We are used to seeing nightmarish pictures of Chornobyl and Prypyat, with the post-apocalyptic hollows of broken windows and frightening remnants of the human presence in the form of toys, old books, and broken beds.
But fear is not the impression of the exclusion zone that I received. The silent and mysterious beauty of the surrounding landscape is overwhelming. There are wild forests full of animals, a beautiful sky, and a calm river which flows silently through the territory. This scene will not change for centuries.
The broken windows and abandoned buildings did not scare me. Rather, a shiver ran down my spine thinking about what the lives of the 50, 000 people who once lived here could have been like.
What would have happened if, in 1986, nothing had gone wrong? Would I have gone to a kindergarten and a local school? Would I have kayaked with my dad on the rivers Uzh and Prypyat?
Would I have had my graduation ball in the Polissya restaurant?

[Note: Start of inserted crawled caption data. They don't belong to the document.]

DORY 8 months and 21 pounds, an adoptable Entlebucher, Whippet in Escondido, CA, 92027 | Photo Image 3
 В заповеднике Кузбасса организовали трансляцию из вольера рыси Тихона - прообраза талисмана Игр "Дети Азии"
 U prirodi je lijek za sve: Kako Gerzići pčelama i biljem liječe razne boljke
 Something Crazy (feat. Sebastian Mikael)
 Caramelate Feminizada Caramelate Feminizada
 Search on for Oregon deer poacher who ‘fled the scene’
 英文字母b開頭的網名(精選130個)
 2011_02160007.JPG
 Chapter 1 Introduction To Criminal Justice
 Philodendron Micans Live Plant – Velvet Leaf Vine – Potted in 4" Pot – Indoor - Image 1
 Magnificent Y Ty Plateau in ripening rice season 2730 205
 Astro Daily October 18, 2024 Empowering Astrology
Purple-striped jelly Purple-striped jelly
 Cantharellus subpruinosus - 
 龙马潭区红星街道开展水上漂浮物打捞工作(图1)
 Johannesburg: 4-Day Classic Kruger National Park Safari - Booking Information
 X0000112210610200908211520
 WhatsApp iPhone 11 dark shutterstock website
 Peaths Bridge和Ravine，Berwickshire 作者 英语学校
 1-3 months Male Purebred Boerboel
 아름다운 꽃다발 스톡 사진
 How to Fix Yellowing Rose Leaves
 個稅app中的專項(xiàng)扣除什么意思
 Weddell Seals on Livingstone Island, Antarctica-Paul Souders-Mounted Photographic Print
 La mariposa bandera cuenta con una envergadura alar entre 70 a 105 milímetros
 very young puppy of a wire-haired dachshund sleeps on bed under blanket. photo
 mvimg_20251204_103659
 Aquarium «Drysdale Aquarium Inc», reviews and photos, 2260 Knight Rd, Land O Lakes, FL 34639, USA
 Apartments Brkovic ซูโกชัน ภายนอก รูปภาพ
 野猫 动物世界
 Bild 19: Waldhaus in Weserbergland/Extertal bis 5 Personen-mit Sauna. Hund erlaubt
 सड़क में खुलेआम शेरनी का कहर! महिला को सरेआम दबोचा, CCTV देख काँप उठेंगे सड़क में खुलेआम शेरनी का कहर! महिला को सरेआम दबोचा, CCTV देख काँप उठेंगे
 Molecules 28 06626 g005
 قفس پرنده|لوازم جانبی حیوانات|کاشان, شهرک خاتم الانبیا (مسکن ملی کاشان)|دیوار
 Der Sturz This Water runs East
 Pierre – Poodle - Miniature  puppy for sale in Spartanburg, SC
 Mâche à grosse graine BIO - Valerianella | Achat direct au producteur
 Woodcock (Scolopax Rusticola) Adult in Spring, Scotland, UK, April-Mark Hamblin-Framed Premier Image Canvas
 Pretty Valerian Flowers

Would I have grown up a small-town girl, met my first love in Prypyat, got married, and had two kids by the age of 26? Would their grandfather still be alive? I will never know.
Excerpts from Alina Rudya’s ‘Prypyat Mon Amour’ book
April 26, 1986: The last wedding in Prypyat
“Irina and Sergei..became the seventh and the last couple to be married that day, the last couple to be married in the town of Prypyat ever … The wedding night ended at three in the morning when the witnesses urged Irina and Sergei to jump out of bed, quickly change their clothes and run to the diesel train which was going to the city of Chernihiv. Fire trucks were spread throughout the town, dousing the asphalt with anti-radiation foam, and Irina, who blistered her feet in her new wedding shoes, had to run barefoot through puddles of radioactive water. They jumped onto the train with hundreds of other scared passengers. On the way to Chernihiv, the train passed the burning fourth reactor. Someone opened the door of the diesel a little to see what happened. All they saw was the crimson glowing spot of a burning reactor in the distance.”
Voices of Prypyat
Marina Rudya, mother of author
“The city was young and full of young professionals and graduates from all over the Soviet Union…The (Communist) party workers evacuated their families already one hour after the accident, but we stayed for another 36 hours — that is how rotten the whole Soviet system was….Constantine (her husband and Alina’s father) later founded the Chornobyl Center for Nuclear Safety and together with scientists from Japan, USA, Germany, would climb back to the sarcophagus of the Chornobyl nuclear power plant again and again to do scientific research. That definitely added up to his huge exposure on the night of the accident….What would have happened if the accident hadn’t occurred? Well, dad would probably be alive. Grandma Zhenya and Sergei too. Both died from cancer because they want to Prypyat to pick up some valuable things and lived there for a week. Now I understand how dangerous it was.”
Viktor Petrov
“Before the launch of Reactor 1 in Chornobyl in 1977, a special badge was made using one of my sketches, as was a commemorative medal after the construction fo the sarcophagus for Reactor 4 in 1986.”
Oksana Bondarenko
“And now, 30 years later, I am here again (in Prypyat). I almost do not recognize these once familiar streets of my life, since nature has taken them back…This is not a city, it is almost a forest. I barely found our home and if we hadn’t had a guide, I would probably get lost.”
Olexiy Breus
“The explosion of the reactor broke a lot of things in my life. My comrades were killed instantly or died within a few years. A painful evacuation happened, my plans collapsed, my profession was devalued.”
Yuriy Dich
“Everything I loved is gone. A lot of time has passed since the evacuation. I grew up. Everything changed.”
Ekaterina Tkach
“The Energetik Palace of Culture became our second home…Prypyat is always in our hearts. It was all too brief, but it was definitely the happiest time of our lives.”
Alexandra Timashova
“For me, Prypyat is associated with childhood and my parents. I think about them and how their lives would be if the accident didn’t happen.”